After all these gruesome stories, Mr. Bell leaves the reader no doubt that Napoleon’s wars were criminal. But whether they really qualify as the origin of modern total war remains in doubt. In part this is because, as Mr. Bell admits, he has restricted himself to the ideology and culture of war. He has little to say about logistics, economics, and tactics, which must surely be taken into account in any definition of total war.

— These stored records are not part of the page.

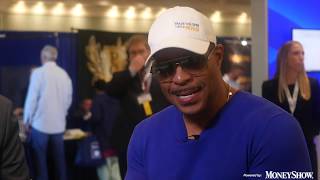 Trading Education for the Masses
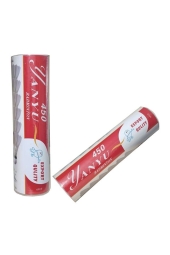 Grand Wolf Yanyu Badminton Topu 6Li Kaz Tuyu Prof.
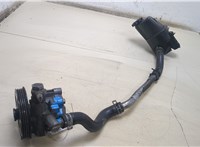13258067 Насос гидроусилителя руля (ГУР) Opel Insignia 2008-2013 20246088 #1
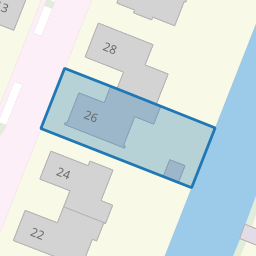 Perceel PPD00-E-3955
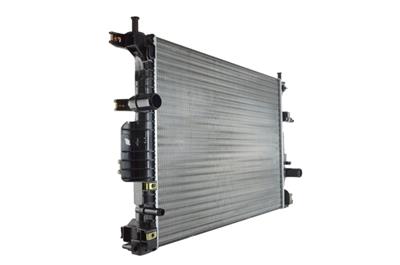 HART 621 999 EAN: 5903175144041.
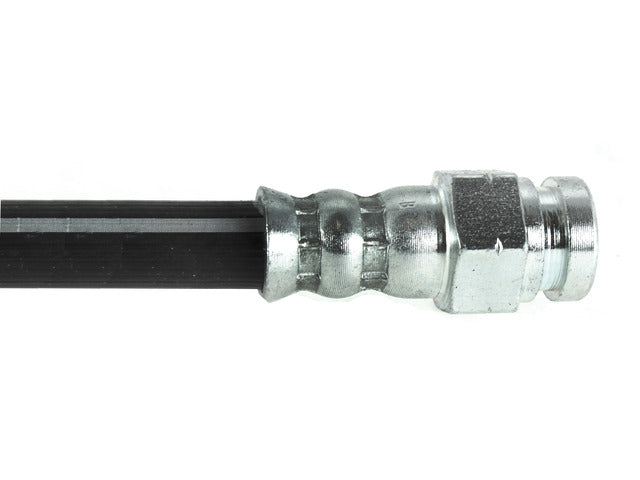 Centric Parts Brake Hydraulic Hose P/N:150.45306 Fits: Mazda Rx-4 78-74, Mazda Rx-7 80-79 - Image 1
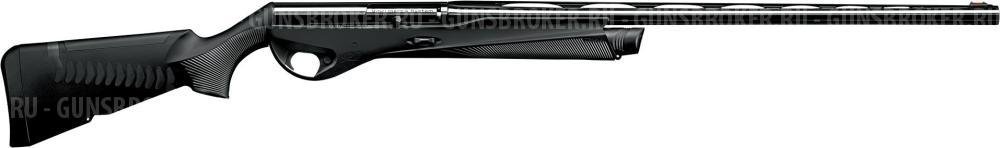 Benelli Vinci Black Combo 12/76 L=760/610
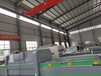 泰安吸塑机厂家直销青海海北高端吸塑机
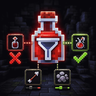 PotionManagmentUltimate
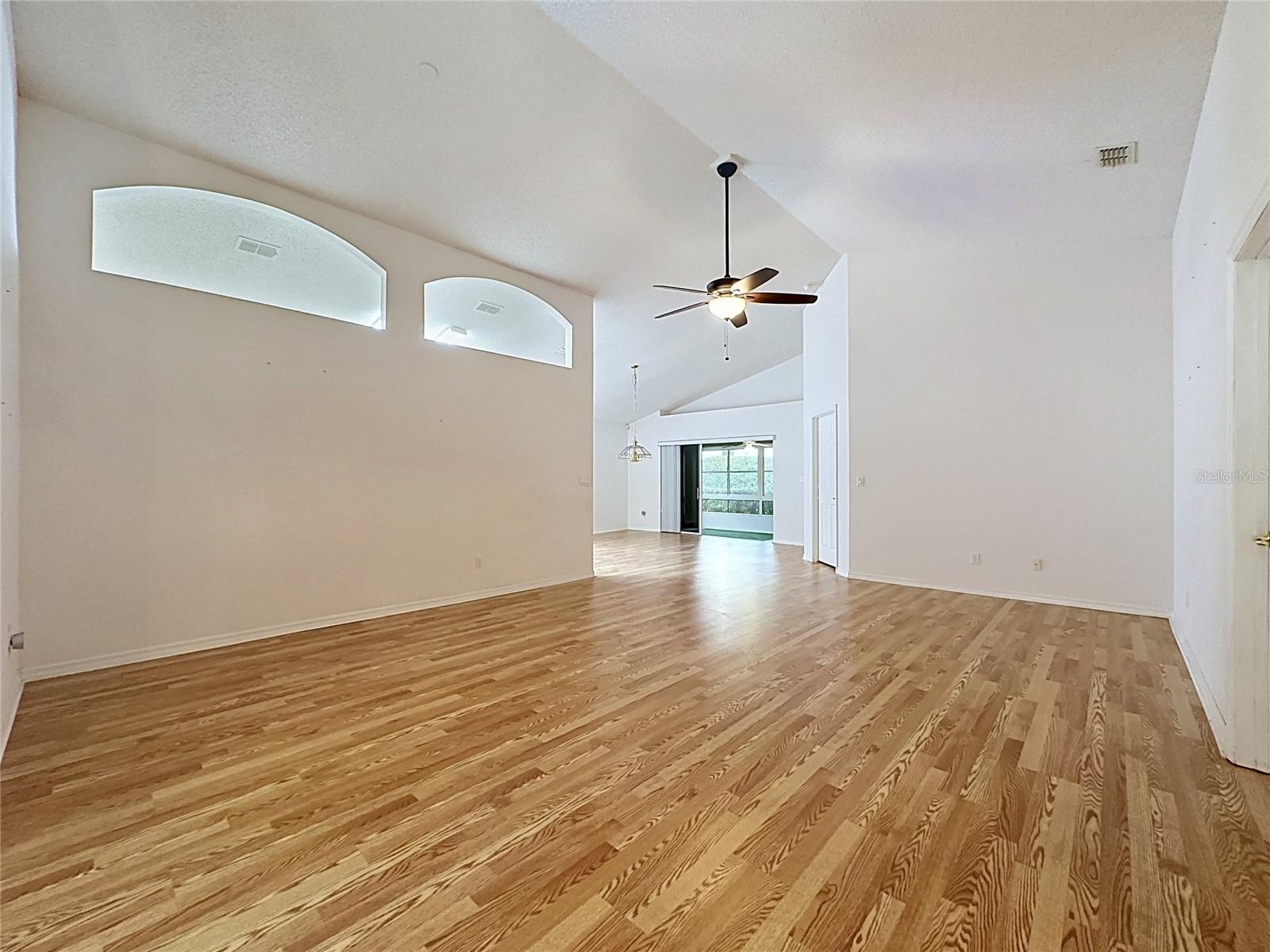 3675 Eversholt, Clermont, FL 34711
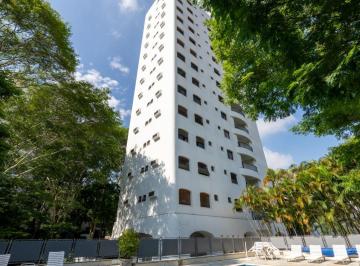 DSC_20260620_002945_000.jpeg · Confortável apartamento para venda em Real Parque com 3 quartos, sendo 3 suítes, 232m² - theremaxcol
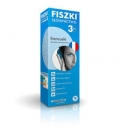 fiszki-jezyk-francuski-slownictwo-3-2.jpg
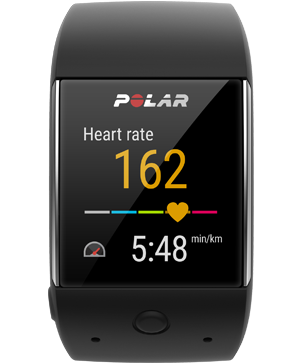 list of smartwatches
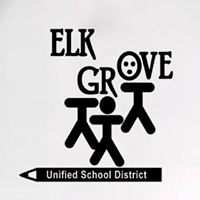 Elk Grove Unified - Human Resources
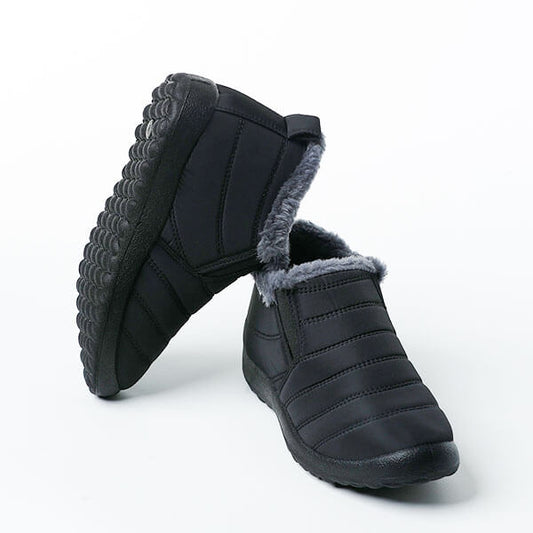 MAX™ - A Pair of Lightweight Thermal Shoes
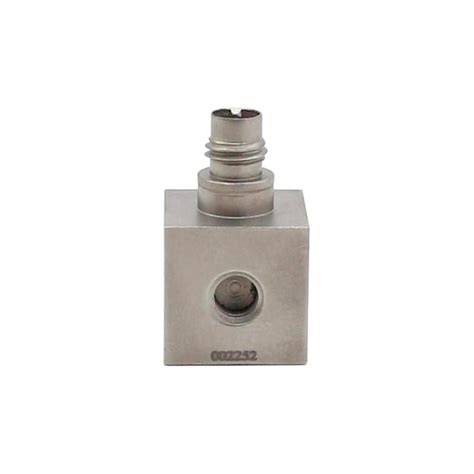 Image result for Lightweight Accelerometer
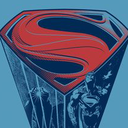 doctorinfinite avatar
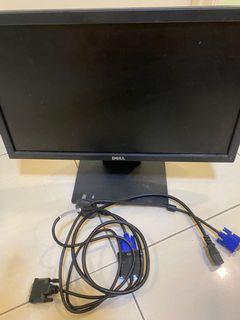 (Category: ) located in . Submitted by ArihaysRun (Listing ID 1151040615, Image 1). Description: .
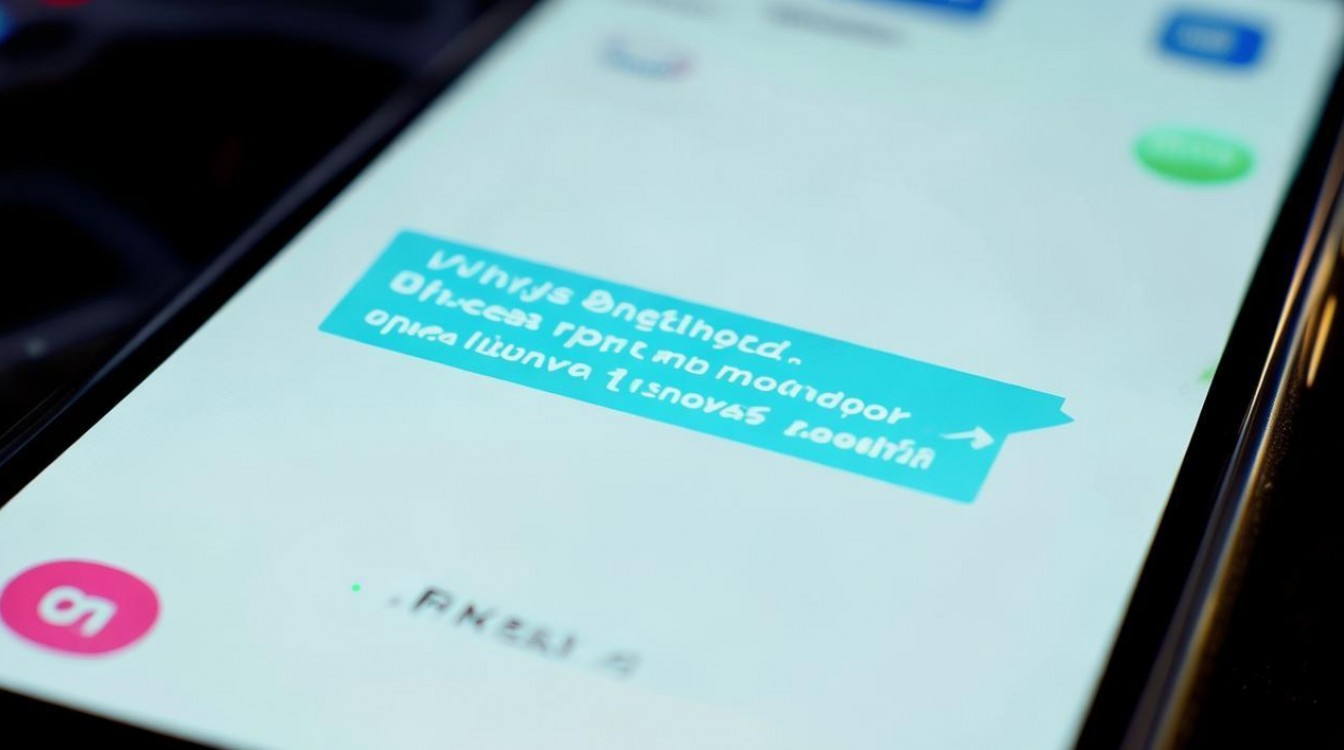 oppo铃声太短怎么回事？OPPO手机铃声自动变短怎么解决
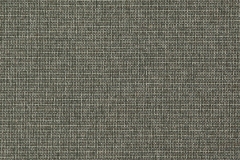 150 см 100% Polyester Бельгия 3 000 руб.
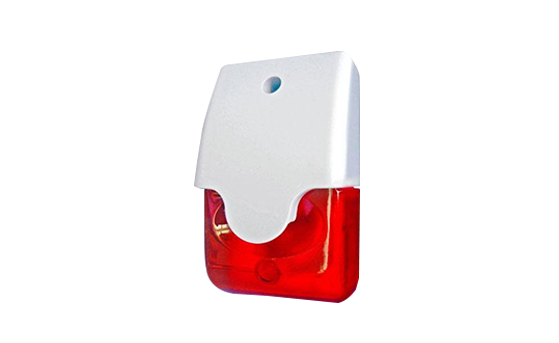 Dahua Wired Siren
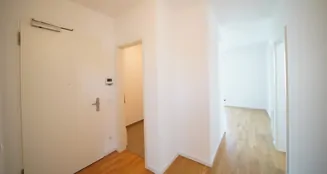 von_poll_real_estate_property_25009037_image_3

What’s more, his frame of reference does not extend back much before the 18th century, which was, as he acknowledges, a period of atypically restrained warfare. Compared to the 18th century, Napoleon’s battles were exponentially more devastating; but compared to the wars of religion in the 16th century, not to mention the wars of antiquity, the difference is not so clear. Nor does Mr. Bell demonstrate that the Napoleonic Wars involved the total mobilization and militarization of society, the defining quality of the two world wars. Perhaps it would take another book, or several, for Mr. Bell to fully prove his argument. But in “The First Total War” he has, at the very least, acquainted the reader with a dreadful and monitory chapter of European history.